Introduction

I/O is slow. In fact, in most cases, it’s orders of magnitude slower than anything else your program is doing. And that can cause a program that executes sequentially to waste a lot of resources waiting on high latency i/o. A common example of this is a network operation. In the example below, the program is blocked from continuing its flow of execution until the https request is completed.

import requests

resp = requests.get('https://www.example.com/')
# program is blocked here until request is completed

print(resp.status_code)

This post is an attempt at understanding how Python3’s asyncio tackles this problem using concurrency.
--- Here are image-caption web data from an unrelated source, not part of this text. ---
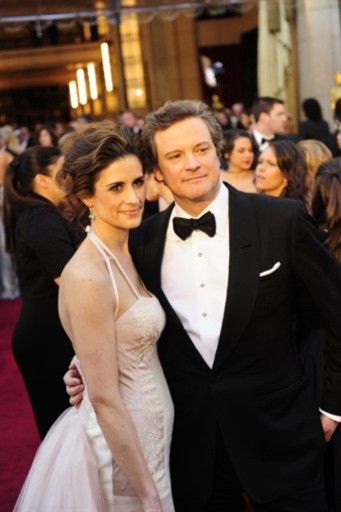 Colin Firth và vợ trên thảm đỏ Oscar. Ảnh: AFP.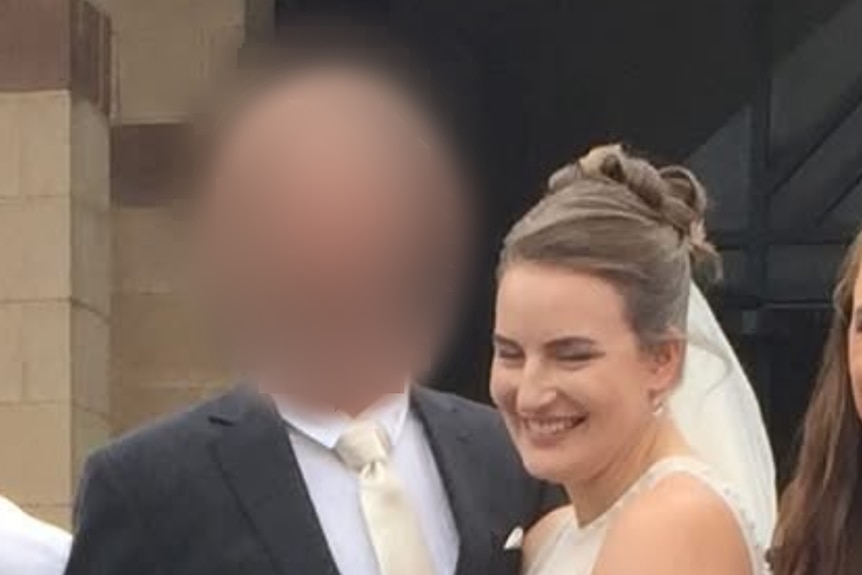 A woman in bridal gown and veil, smiling as she stands next to the groom. His face is blurred
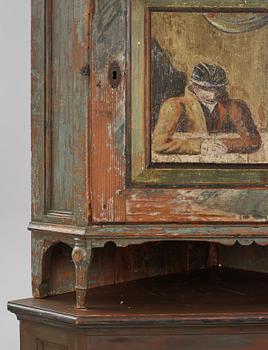 A Swedish polychrome-painted corner cabinet attributed to J. Bäckström (1773-1837).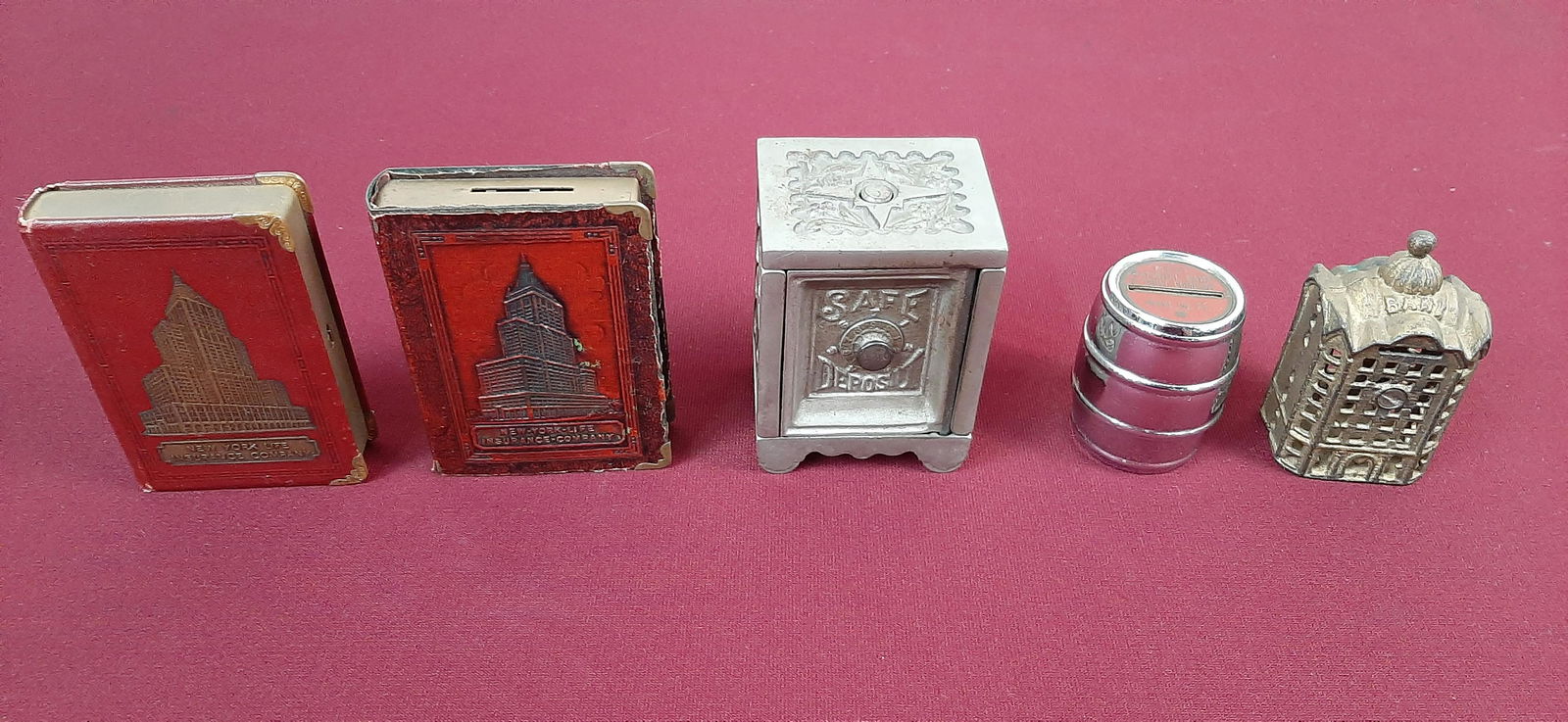 5 Banks: Includes New York Life Insurance Company and Mt. Joy First National Bank and Trust Co. 2 1/4" to 3 1/2" wide X 1" to 2 1/4" deep X 2 3/4" to 4 1/2" high. IMPORTANT: Before bidding, please read the ter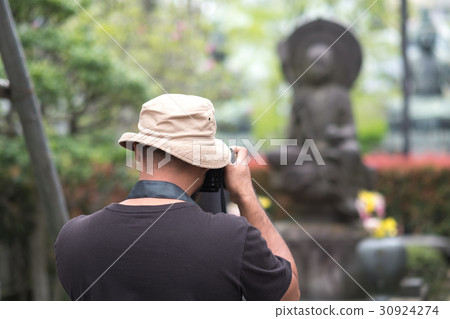 Photographer taking photo of shrine in Japan 30924274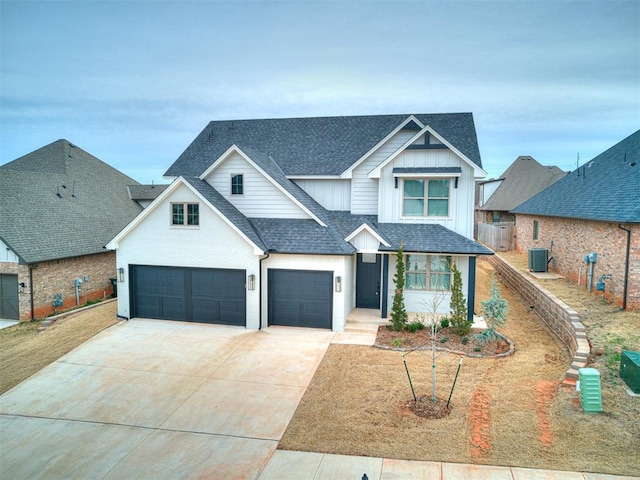 view of front of house with fence, an attached garage, a shingled roof, concrete driveway, and board and batten siding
There’s multiple ways to minimize the execution time of such programs, by allowing them to execute other tasks while waiting for the request to respond. And they generally fall into two major categories: concurrency and parallelism. You can think of concurrency as dealing with multiple things at the same time and parallelism doing multiple things at the same time. The former has overlapping time periods of execution while the latter does simultaneous execution. There are tons of articles and blog posts about this so I won’t go into detail here. Parallelism is implemented in Python with the multiprocessing module and concurrency with threading and asyncio.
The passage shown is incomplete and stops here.